Le jeune homme se tut ; les aînés approuvèrent les paroles du père.

— Vous avez raison, dit au père du jeune homme un monsieur marié, d’âge moyen. Il est vrai que le jeune homme, qui n’a pas l’expérience de la vie, peut se tromper en cherchant de nouvelles voies, et sa décision ne peut être ferme, mais nous tous nous reconnaissons que notre vie est contraire à notre conscience et qu’elle ne nous donne pas le bonheur. Aussi, ne peut-on méconnaître la légitimité du désir d’en changer. Un jeune homme peut prendre son rêve pour les déductions de la raison, mais moi, je ne suis pas un jeune homme et je vous parlerai de moi. En écoutant la conversation de ce soir, la même pensée m’est venue. Il est évident pour moi que ma vie ne peut me donner la paix de l’âme et le bien. L’expérience et la raison me le montrent. Alors qu’attends-je ? Du matin au soir on travaille pour la famille, et il résulte que ni moi ni ma famille ne vivons selon Dieu, et que nous nous embourbons de plus en plus dans le péché. On travaille pour la famille, et il n’en résulte pour elle rien de bon, parce que ce qu’on fait pour elle n’est pas bien. C’est pourquoi je me demande souvent s’il ne vaudrait pas mieux pour moi, changer de vie et faire précisément ce que disait le jeune homme, cesser de me soucier de ma femme et de mes enfants pour ne plus songer qu’à mon âme.

Ce n’est pas en vain qu’on trouve chez Paul : Celui qui est marié se soucie de sa famille ; celui qui n’est pas marié, ne pense qu’à Dieu.

À peine l’homme marié avait-il terminé que toutes les femmes présentes, y compris la sienne, le prirent à partie.

— Il fallait songer à cela auparavant, remarqua une femme âgée.

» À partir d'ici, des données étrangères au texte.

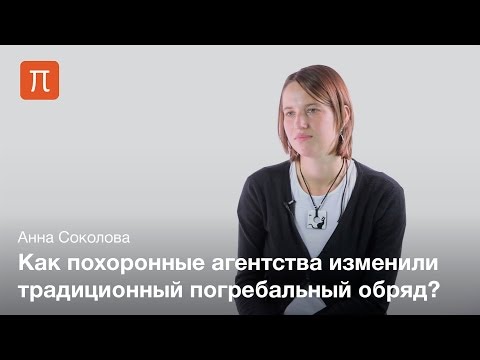 Видео: Похоронный обряд в русской культуре - Анна Соколова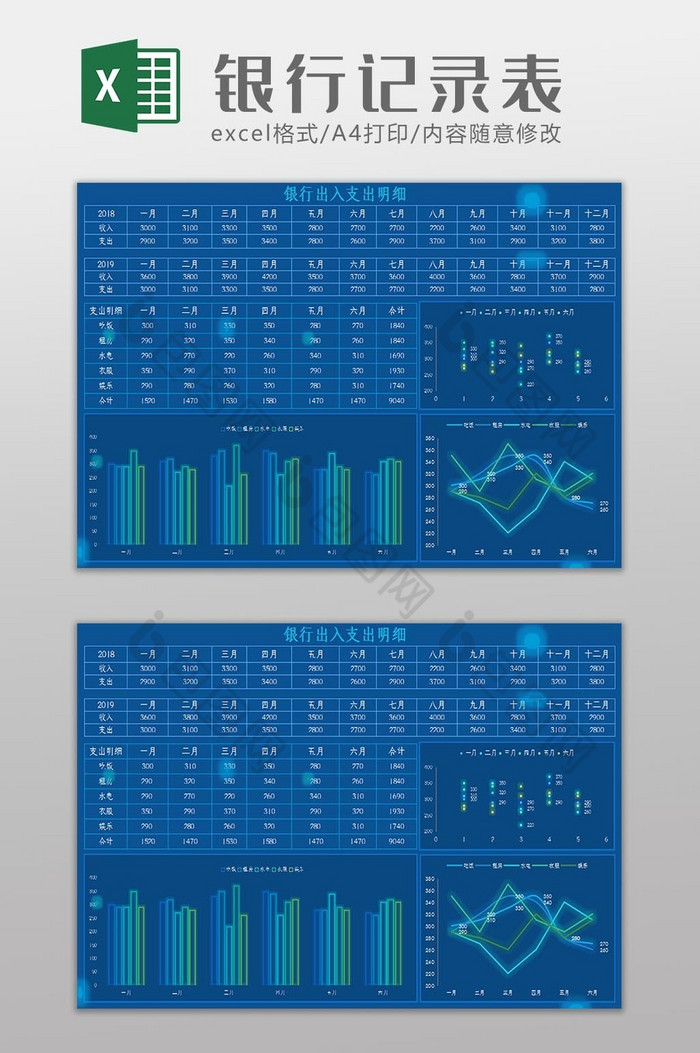 可视化科技银行记录表Excel模板图片图片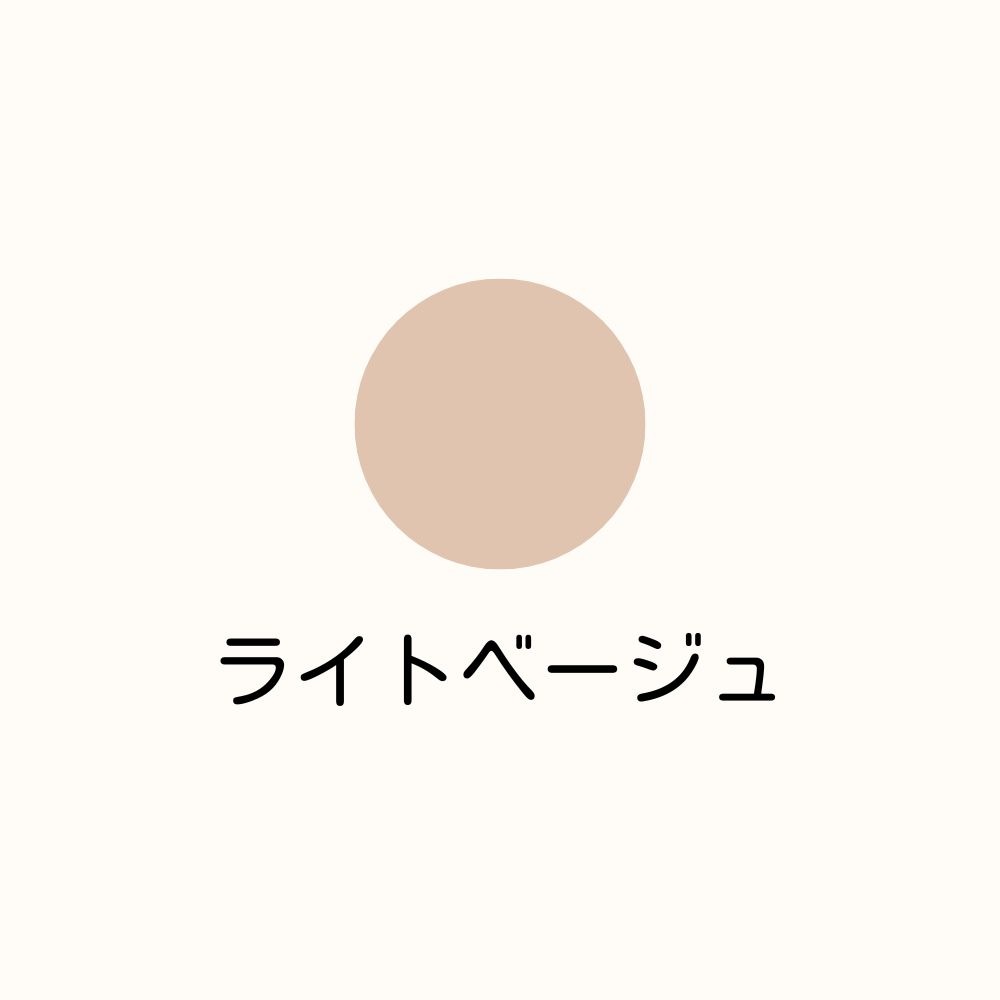 ケキュア リキッドファンデーション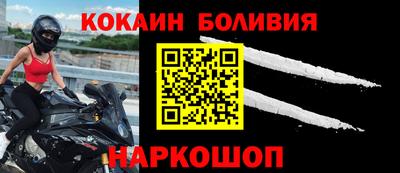 молекула духа Ликино-Дулёво
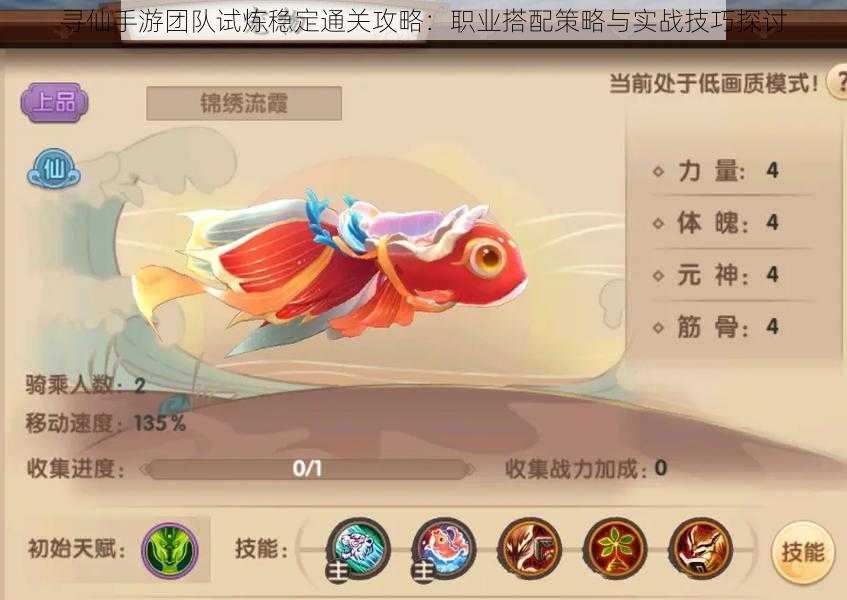 寻仙手游团队试炼稳定通关攻略:职业搭配策略与实战技巧探讨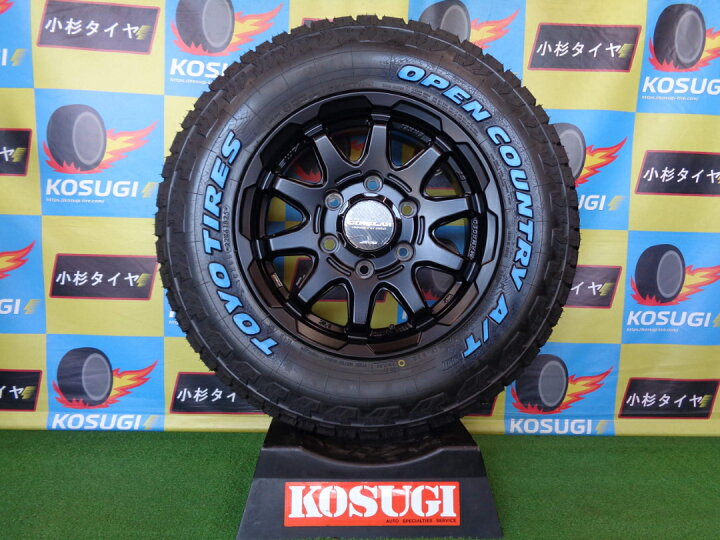 楽天市場】展示未使用品 ハイエース 15インチ トーヨー オープン 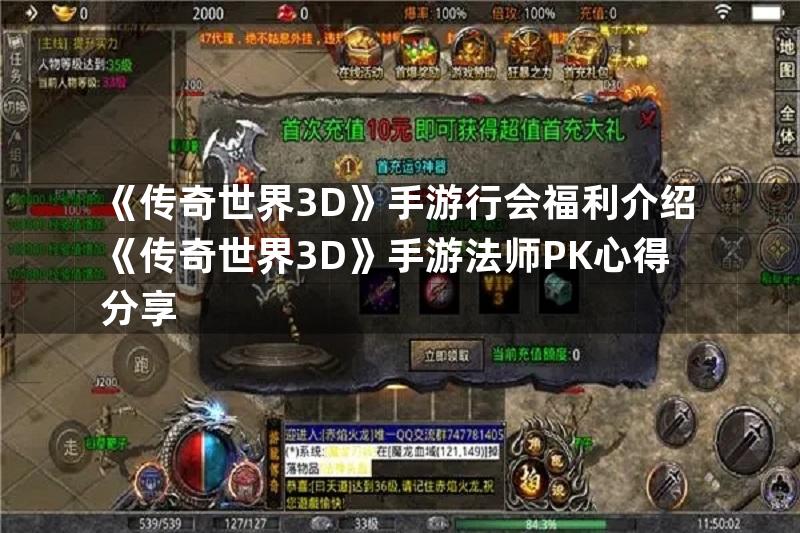 《传奇世界3D》手游行会福利介绍《传奇世界3D》手游法师PK心得分享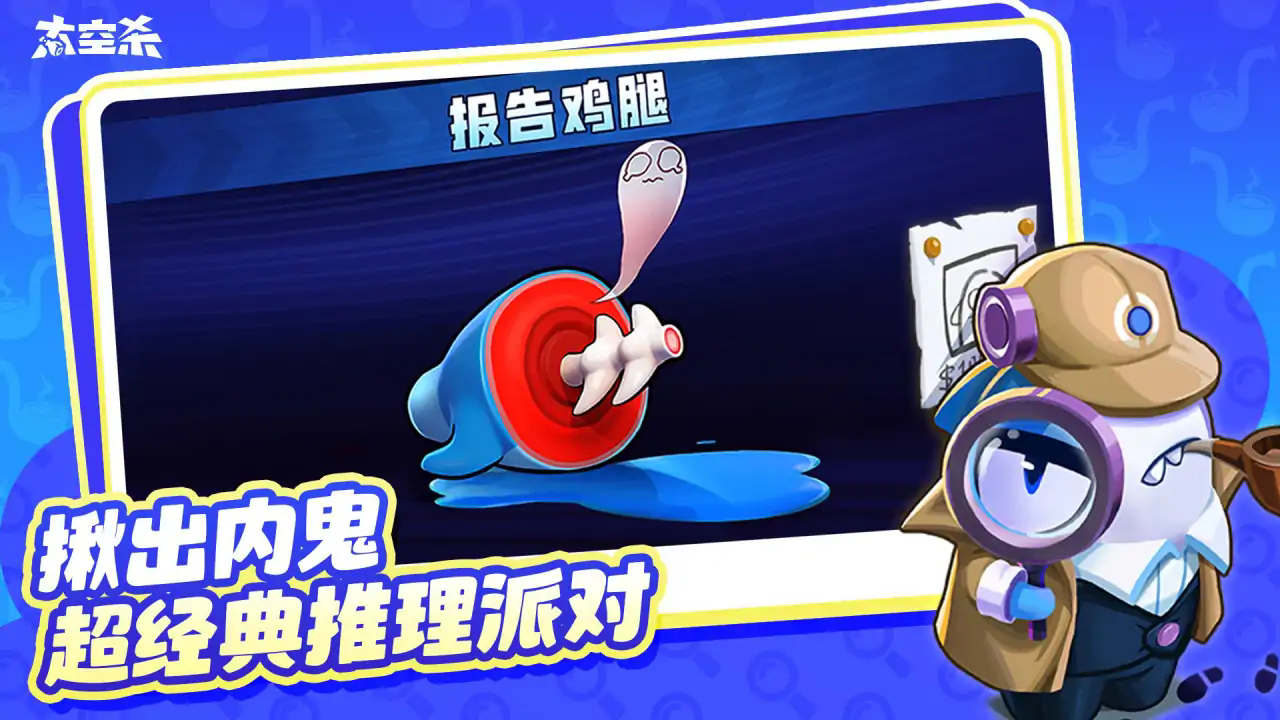 太空杀4.30奶龙联动版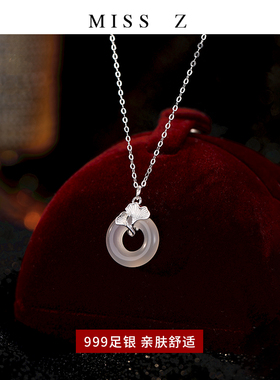 Z小姐999足银平安扣银杏项链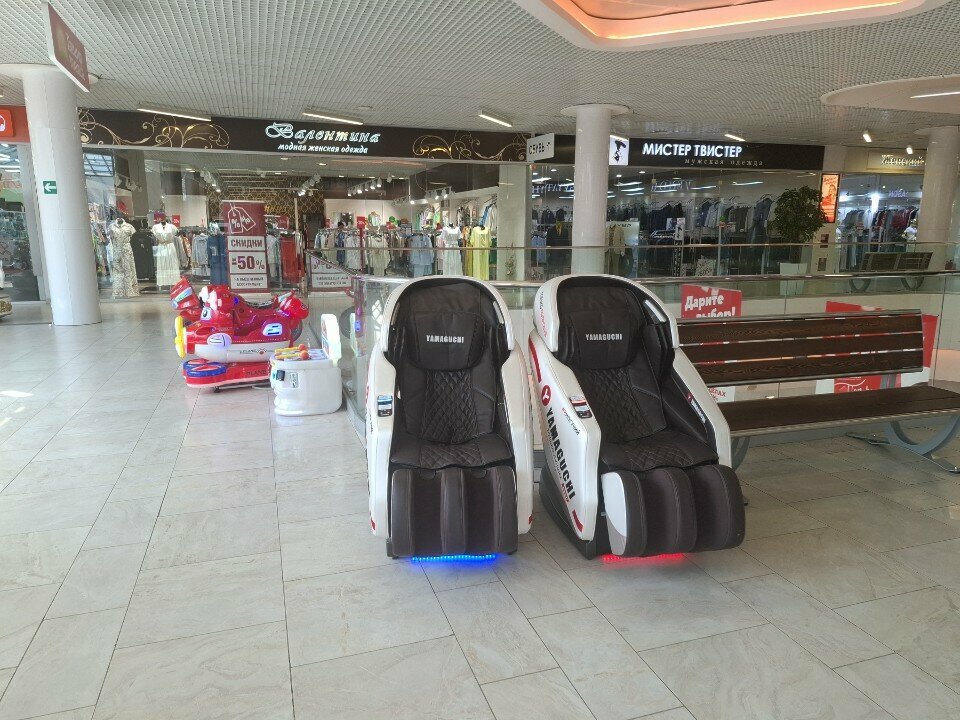 Massage equipment Yamaguchi, Tula, photo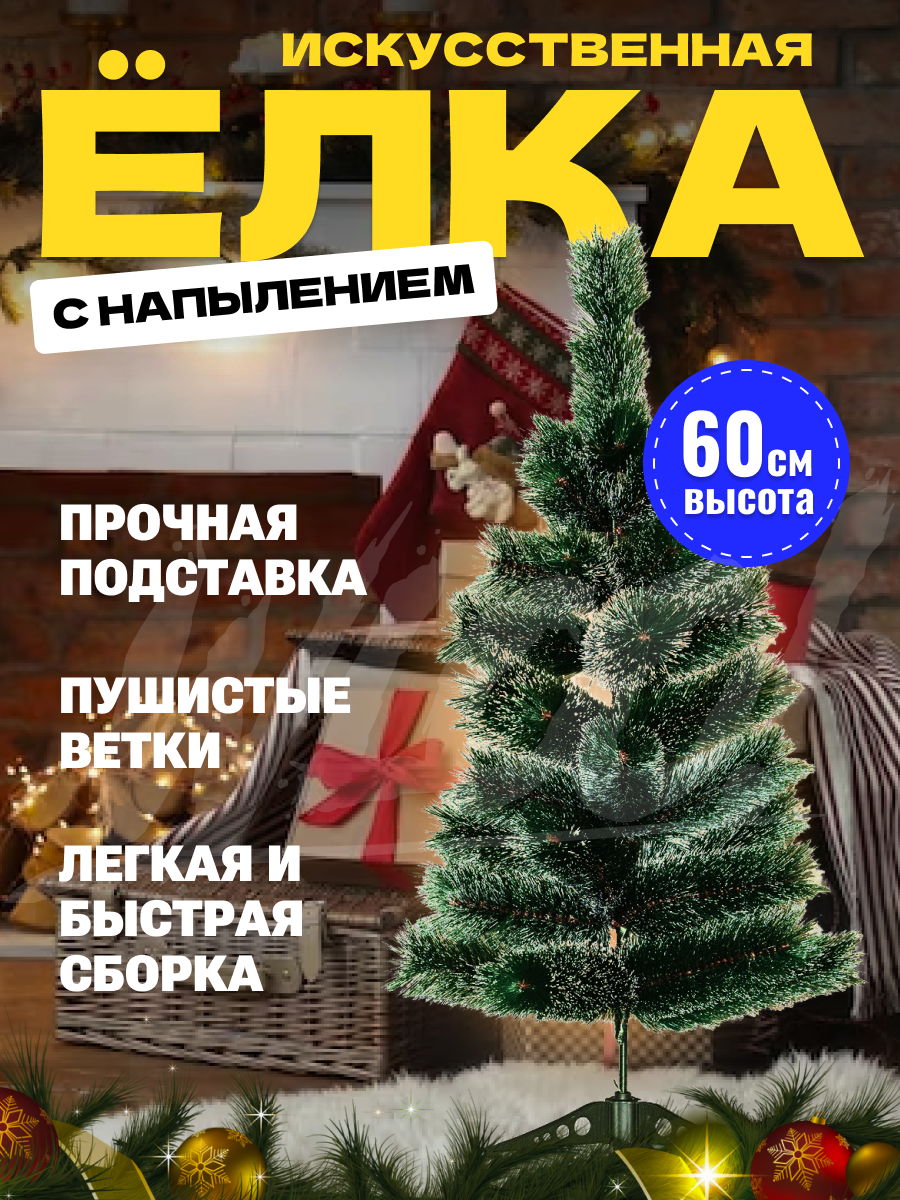 Сосна искусственная WLOO Заснеженная elka60cm 60 см зеленая заснеженная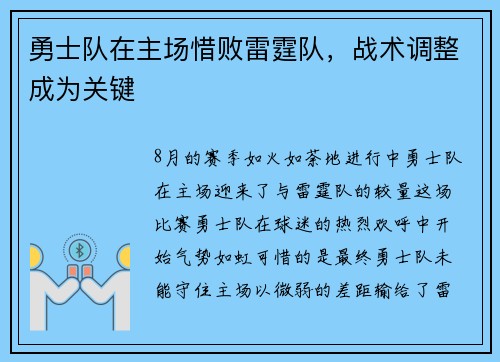 勇士队在主场惜败雷霆队，战术调整成为关键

— Une fois qu’on s’est mis sous le joug, il faut le traîner, autrement chacun dirait qu’il veut faire son salut, quand il lui paraîtrait difficile de nourrir sa famille. C’est un mensonge et une lâcheté ! Non, l’homme doit vivre selon Dieu, en famille. C’est facile de faire son salut quand on est seul ! Et, de plus, agir ainsi, c’est agir contrairement à la doctrine du Christ. Dieu a ordonné d’aimer son prochain, tandis que vous, sous prétexte d’être agréable à Dieu, vous voulez affliger les autres. Non, un homme marié a des devoirs très définis, et il ne doit pas les dédaigner. Quand la famille est élevée, c’est une autre affaire. Alors, vivez comme vous l’entendez. Mais faire du mal à sa famille, nul n’en a le droit.

Le monsieur marié ne se rendit pas. Il répliqua :

— Je ne veux pas abandonner ma famille. Je dis seulement qu’il faut que la famille, les enfants, vivent, non pas selon les exigences du monde, non pas pour leurs plaisirs, mais qu’il faut les habituer à la pauvreté, au travail, à la charité, et, surtout, à la vie fraternelle avec tous, et que, pour cela, il est nécessaire de renoncer aux avantages des honneurs et de la richesse.

— Il ne t’appartient pas de reprendre les autres tant que toi-même ne vis pas selon Dieu, objecta sa femme avec chaleur. Pendant toute ta jeunesse tu n’as vécu que pour ton plaisir, pourquoi donc veux-tu maintenant tourmenter ta famille, tes enfants ? Qu’ils grandissent tranquillement et, ensuite, ils agiront comme ils voudront.

L’homme marié se tut ; mais un monsieur âgé, qui était présent, intervint pour lui.

— Admettons, dit-il, qu’un homme marié, qui a accoutumé sa famille à une certaine aisance, ne puisse pas, tout d’un coup, l’en priver. Il est vrai que si l’éducation des enfants est déjà commencée il vaut mieux la terminer que de tout briser, d’autant plus que les enfants, une fois grands, choisiront eux-mêmes la voie qu’ils trouveront la meilleure. Je reconnais que pour un homme marié il est difficile, impossible même, de changer entièrement sa manière de vivre, sans commettre de péchés, tandis qu’à nous, c’est Dieu même qui l’ordonne. Ainsi moi, je vis maintenant affranchi de tout devoir, je ne vis, à vrai dire, que pour mon ventre : je mange, je bois, je ne fais rien, et je suis dégoûté de moi-même. Pour moi, il est temps de renoncer à cette vie, de distribuer mes richesses et au moins à la veille de la mort, de vivre comme Dieu l’ordonne, de vivre en chrétien.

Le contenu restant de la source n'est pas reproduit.